Reprint the lines below as they are, minus the pictures.

## Recorded information
::::

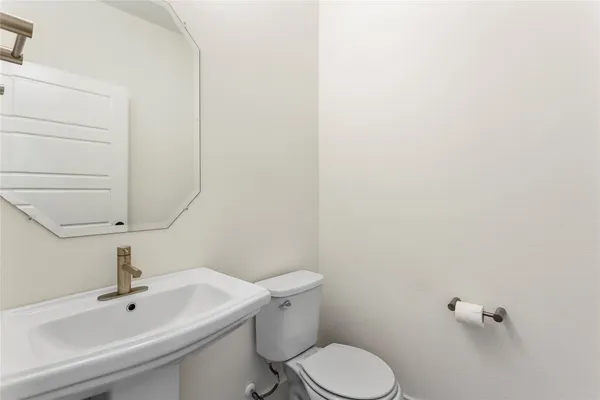 $2,495 | 9109 Moonstone Drive, Austin, TX 78729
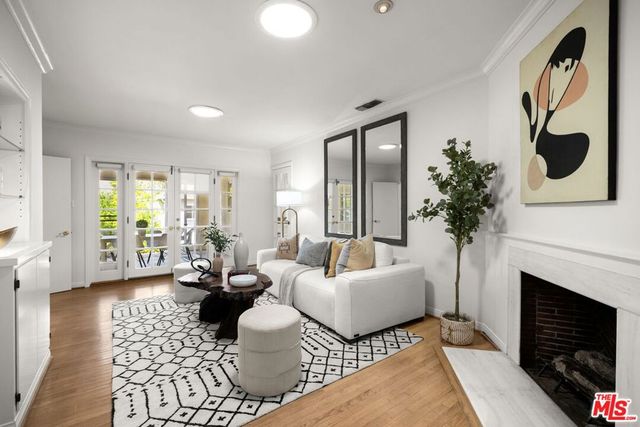 10537 Rountree Road, Los Angeles, CA 90064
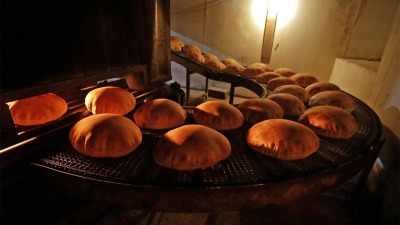 النظام يخطط لرفع أسعار الخبز السياحي والكعك والصمون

::::

## Finished exercise
 $2,495 | 9109 Moonstone Drive, Austin, TX 78729
 10537 Rountree Road, Los Angeles, CA 90064
 النظام يخطط لرفع أسعار الخبز السياحي والكعك والصمون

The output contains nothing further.